Surrogate goals might be one of the most promising approaches to reduce (the disvalue resulting from) threats. The idea is to add to one’s current goals a surrogate goal that one did not initially care about, hoping that any potential threats will target this surrogate goal rather than what one initially cared about.
In this post, I will outline what I think are key obstacles to a successful implementation of surrogate goals.
Contents
Private information
In most settings, the threatener or the threatenee will not have perfect knowledge of the relative attractiveness of threat against the surrogate goal compared to threats against the original goal. For instance, the threatener may possess private information about how costly it is for her to carry out threats against either goal, while the threatenee may know more exactly how bad the execution of threats is compared to the loss of resources from giving in. This private information affects the feasibility of threats against either goal.
Now, it is possible that the surrogate goal may be a better threat target given the threatenee’s information, but the initial goal is better given the threatener’s (private) information. Surrogate goals don’t work in this case because the threatener will still threaten the initial goal.
The most straightforward way to deal with this problem is to make the surrogate goal more threatener-friendly so that the surrogate goal will still be the preferred target even with some private information pointing in the other direction. However, that introduces a genuine tradeoff between the probability of successfully deflecting threats to the surrogate goal and the expected loss of utility due to a worsened bargaining position. (Without private information, surrogate goals would only require an infinitesimally small concession in terms of vulnerability to threats.)

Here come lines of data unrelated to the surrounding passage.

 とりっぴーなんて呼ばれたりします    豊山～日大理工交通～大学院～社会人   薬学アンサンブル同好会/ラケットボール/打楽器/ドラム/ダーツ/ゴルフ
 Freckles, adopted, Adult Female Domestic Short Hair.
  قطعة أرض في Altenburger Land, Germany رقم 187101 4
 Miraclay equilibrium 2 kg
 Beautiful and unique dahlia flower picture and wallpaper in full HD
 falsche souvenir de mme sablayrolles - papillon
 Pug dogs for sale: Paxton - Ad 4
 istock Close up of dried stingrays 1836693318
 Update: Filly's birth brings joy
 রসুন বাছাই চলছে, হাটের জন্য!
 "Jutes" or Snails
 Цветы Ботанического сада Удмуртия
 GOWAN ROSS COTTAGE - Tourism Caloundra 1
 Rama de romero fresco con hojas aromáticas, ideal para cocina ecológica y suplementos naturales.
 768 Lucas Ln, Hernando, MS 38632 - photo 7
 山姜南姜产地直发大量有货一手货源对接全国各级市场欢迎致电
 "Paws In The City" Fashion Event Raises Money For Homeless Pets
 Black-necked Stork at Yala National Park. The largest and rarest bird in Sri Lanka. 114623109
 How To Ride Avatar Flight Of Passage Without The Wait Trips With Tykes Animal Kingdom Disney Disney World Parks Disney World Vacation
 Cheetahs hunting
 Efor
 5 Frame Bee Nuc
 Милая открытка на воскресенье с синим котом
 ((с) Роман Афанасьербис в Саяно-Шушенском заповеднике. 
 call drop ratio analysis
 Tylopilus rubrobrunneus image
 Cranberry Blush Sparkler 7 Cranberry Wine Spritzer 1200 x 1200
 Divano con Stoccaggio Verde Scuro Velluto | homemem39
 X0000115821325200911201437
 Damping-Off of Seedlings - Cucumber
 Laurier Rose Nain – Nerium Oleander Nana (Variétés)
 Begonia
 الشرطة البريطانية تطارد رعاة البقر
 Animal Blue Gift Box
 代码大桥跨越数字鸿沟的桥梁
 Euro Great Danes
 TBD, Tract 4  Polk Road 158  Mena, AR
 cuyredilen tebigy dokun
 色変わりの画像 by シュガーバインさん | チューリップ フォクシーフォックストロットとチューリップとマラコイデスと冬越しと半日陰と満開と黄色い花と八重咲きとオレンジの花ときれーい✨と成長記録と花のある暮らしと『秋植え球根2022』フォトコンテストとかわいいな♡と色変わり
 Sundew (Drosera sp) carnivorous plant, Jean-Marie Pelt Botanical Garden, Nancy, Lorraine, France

Tension between credibility and non-interference
Surrogate goals fail if it is not credible – in the eyes of potential threateners – that you actually care about the surrogate goal. But apart from human psychology, is there a strong reason why surrogate goals may be less credible than initial goals?
Unfortunately, one of the main ways how an observer can gain information about an agent’s values is to observe that agent’s behaviour and evaluate how consistent that is with a certain set of values. If an agent frequently takes actions to avoid death, that is (strong) evidence that the agent cares about survival (whether instrumentally or intrinsically). The problem is that surrogate goals should also not interfere with one’s initial goals, i.e. an agent will ideally not waste resources by pursuing surrogate goals. But in that case, threateners will find the agent’s initial goal credible but not their surrogate goal, and will thus choose to threaten the initial goal.
So the desiderata of credibility and non-interference are mutually exclusive if observing actions is a main source of evidence about values. An agent might be willing to spend some resources pursuing a surrogate goal to establish credibility, but that introduces another tradeoff between the benefits of a surrogate goal and the waste of resources. Ideally, we can avoid this tradeoff by finding other ways to make a surrogate goal credible. For instance, advanced AI systems could be built in a way that makes their goals (including surrogate goals) transparent to everyone.
Population-level goal inference
Another potential obstacle to credible surrogate goals is that inferences regarding an agent’s goals are often indirect, rather than considering that agent in detail. For instance, in a physical fight, your opponent will assume that a punch in the face is effective simply because all humans disvalue getting hit in the face, not because they have modeled you in particular. If you claim that you actually disvalue a light tap on the chest more than getting hit in the face, then that surrogate goal lacks credibility as it is not shared on a population level (in addition to psychological implausibility).
So, introducing a surrogate goal under such circumstances can’t really be done unilaterally. It poses a (possibly very difficult) coordination problem: the entire population or at least large fractions would have to endorse the surrogate goal and react accordingly. (This could be part of the explanation for why we rarely observe surrogate goals in practice.)
Side effects of actions
If actions have effects other than a direct impact on the agent’s utility function – such as making certain future actions possible or impossible – it can be very difficult to map this onto surrogate goals. In the above example, a punch has a chance of knocking you unconscious, thus making it impossible to fight back. This isn’t the case for the surrogate goal, and in general, it seems hard to credibly simulate such effects.
If we want to choose a surrogate for an AI, I’d imagine the AI would have to learn this from (fake) human preferences, too or else we’d need to make sure it has human-comprehensible representations we can use to define the goal explicitly. I don’t think the AI has to be aligned well for this to still be valuable in expectation, though.
Is there another way you’d see us being able to choose surrogates for AIs ourselves?